Another way to invest in gold and silver is to purchase coins made out of these metals. This approach has many of the same benefits and risk factors as investing in metal bars. You’ll need to make sure you are storing the coins securely and maintaining them so they don’t lose any value. Maintenance for coins can be slightly more difficult because they require more detailed cleaning and upkeep. You’ll need to research the different types of coins thoroughly before purchasing to ensure that you understand each individual coin’s value and how that could change over time. Coins have the benefit of being more accessible and easier to sell than bars. This makes them more liquid in a pinch, and they’re also much easier for new investors to start with.
If you don’t want to invest in gold or silver physically, you might also consider investing in precious metals ETFs, or exchange-traded funds. These are funds that are tied to the price of these metals and are traded using a normal brokerage account. The advantage of investing in these ETFs is that it is very easy. You can invest in them using the portfolio you already have, and if you don’t have one set up, it’s easy to do so using apps like Robinhood or Webull. They’re very accessible, and there are several different ETFs to choose from. ETFs are also very liquid, meaning you can sell your shares of them when you need to without much difficulty.
The disadvantage of using ETFs is that you won’t have access to the physical gold or silver that you’re investing in. They are also controlled by the market in a way that physical metals would not be. ETFs are generally better for those who want to dip their toes in the water of precious metal investing, but aren’t quite ready to commit fully.
Gold vs. Silver: Which One Should I Consider?

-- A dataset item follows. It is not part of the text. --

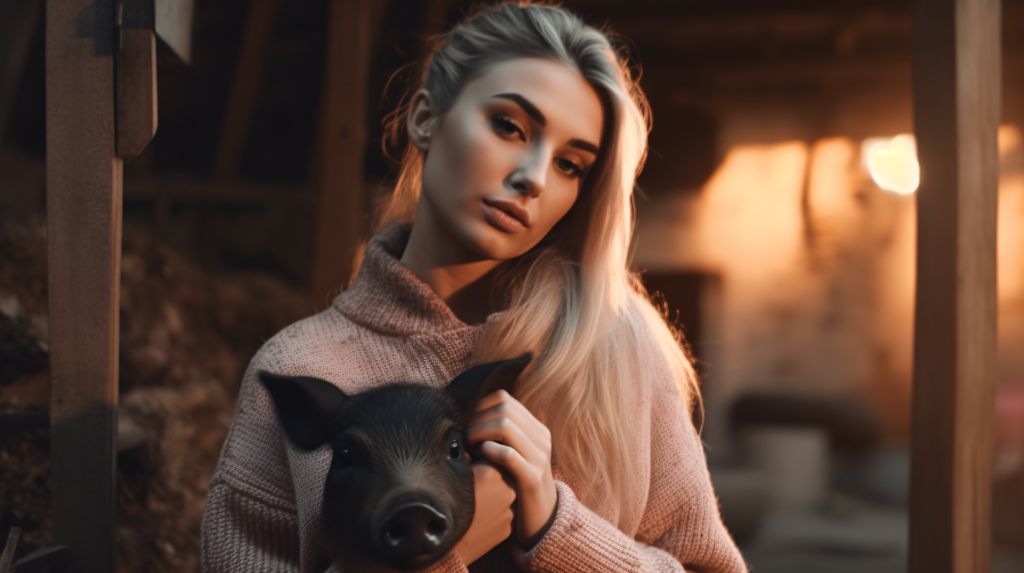 Fashionable model cuddling baby pig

Both gold and silver make great investments, and the process of investing in them is very similar for both. However, there are some slight differences between the two that are worth considering before you invest your money.

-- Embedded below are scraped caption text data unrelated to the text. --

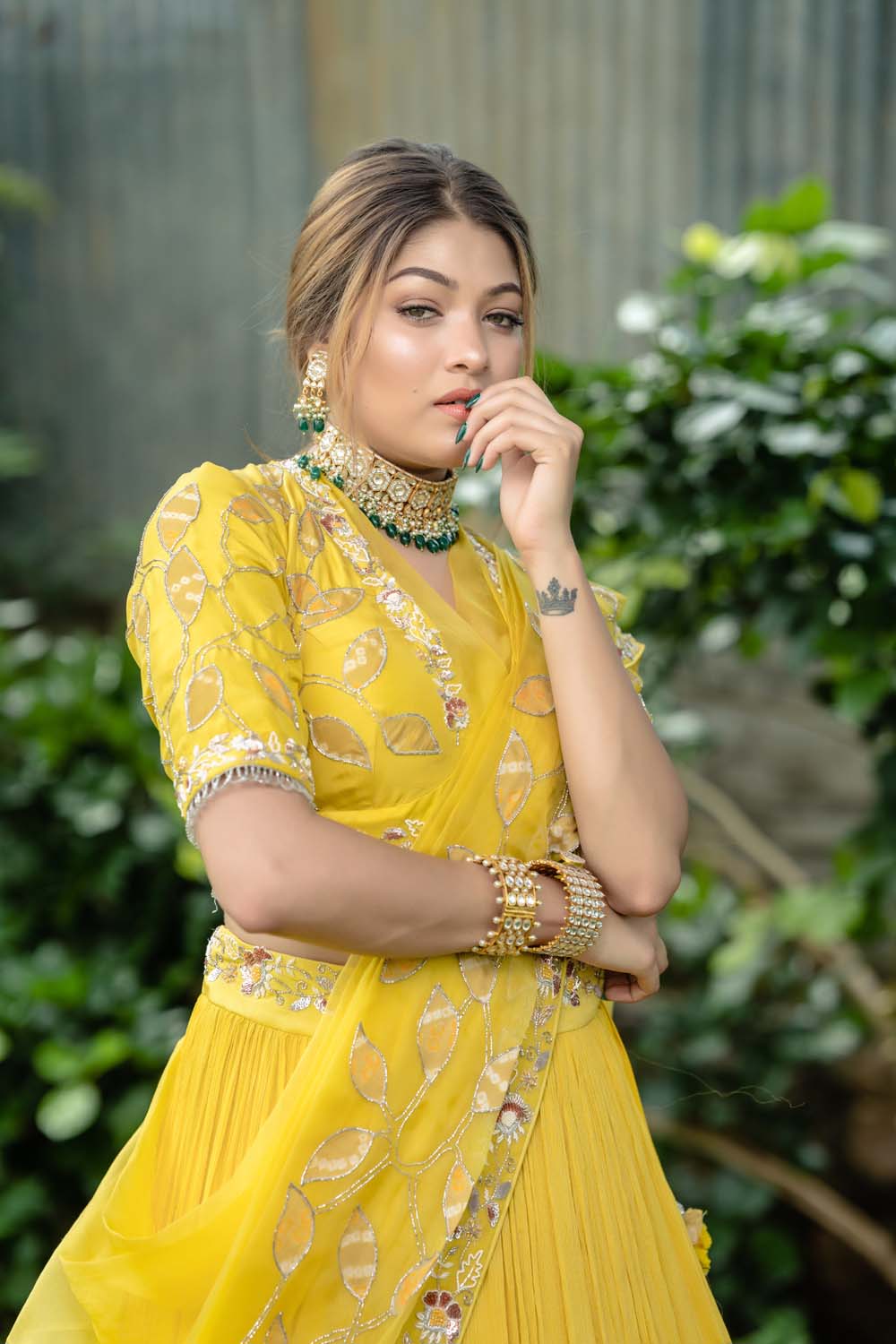 Suvarn - Orche Yellow Lehenga Blouse & Dupatta Set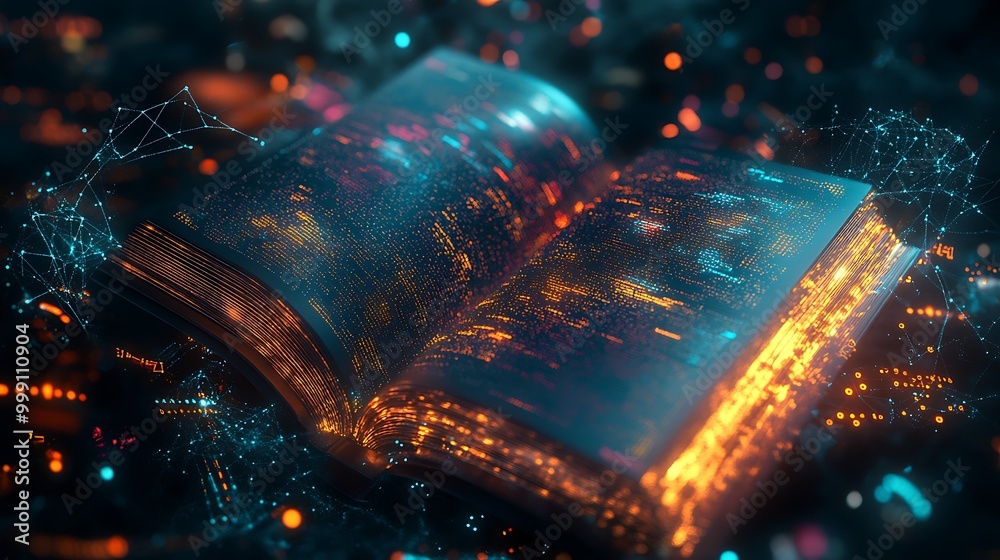 Poster Glowing Digital Book Surrounded by Swirling Machine Learning Models and Data Points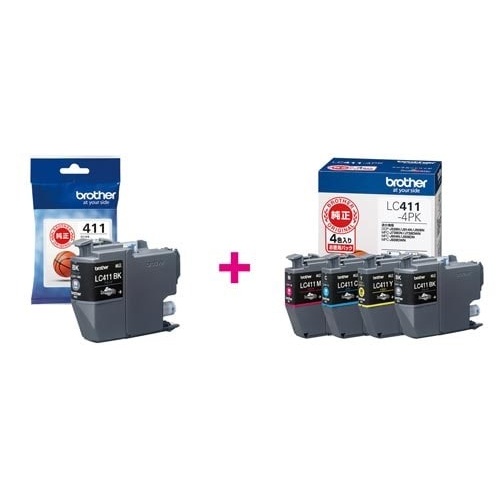 純正インク　ＬＣ４１１　黒１色＋４色パック画像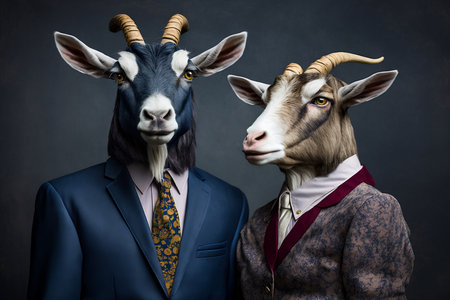 Funny goat and man in a suit with horns on a dark backgroundの素材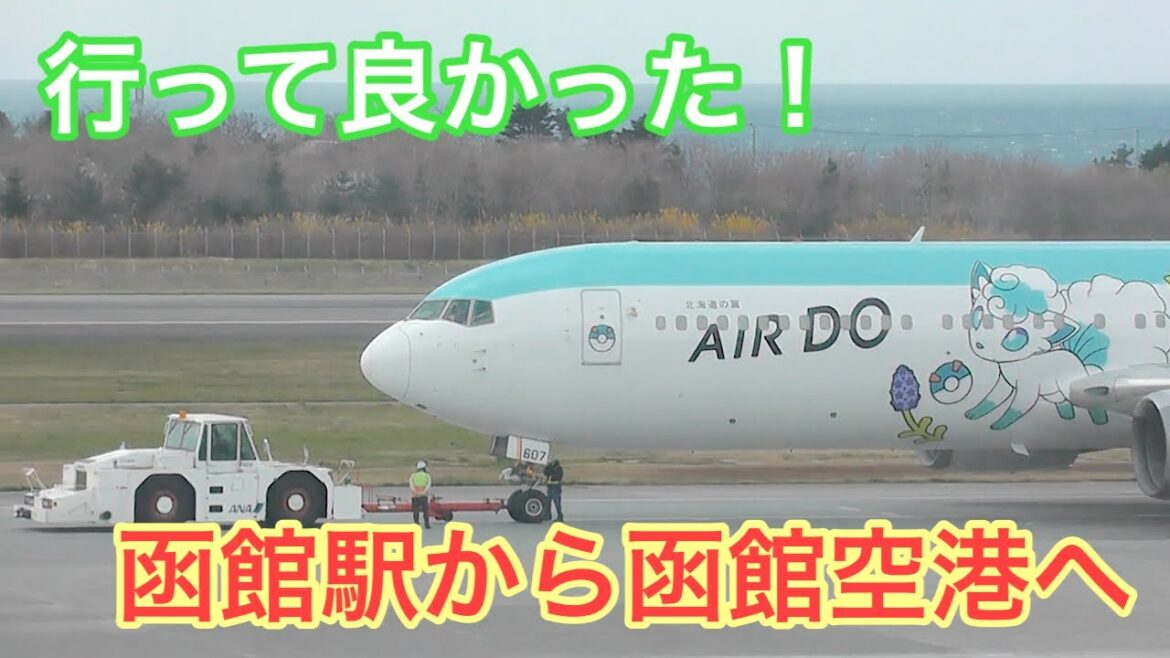 空港・飛行機⑪　函館駅から函館空港へ！！JAL、AIR DO、展望送迎デッキ、離陸、レストラン　Hakodate, Hokkaido, airplane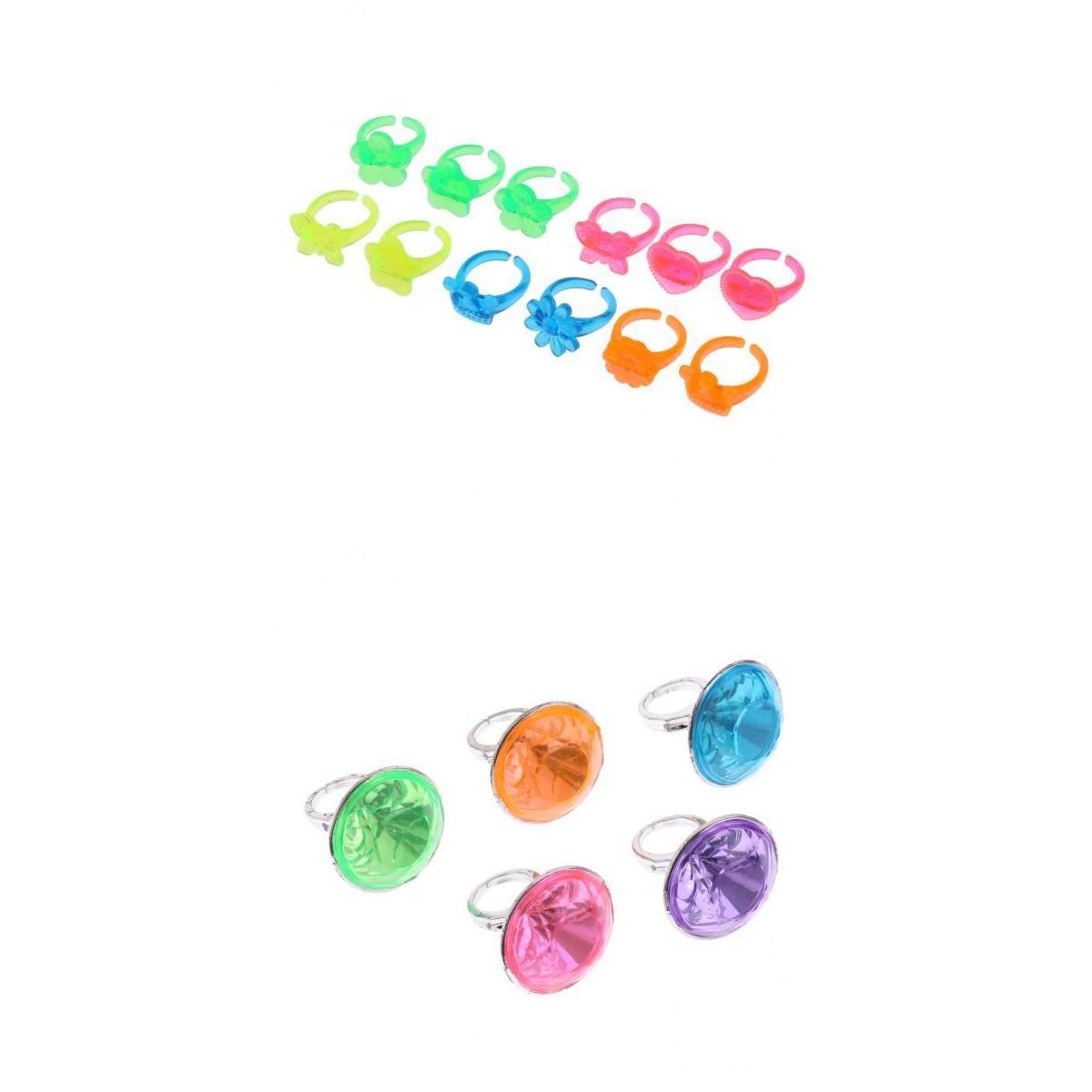17 Pieces Kids Plastic Rings Jewelry Pretend Play Toys Random Color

Generally, the price of gold stays a bit more stable than the price of silver. It’s more expensive, but it’s also usually easier to sell and is less likely to experience dramatic fluctuations. Silver is used for a number of industrial activities, which means that its price can go up and down more during market downturns. However, it’s more affordable and has the potential for great profits if your investment is timed well.
Both gold and silver are great investments that many people don’t consider when building their portfolio. Their price patterns are much different than traditional investments like stocks, so they’re a particularly intriguing option for when the market is experiencing a downturn.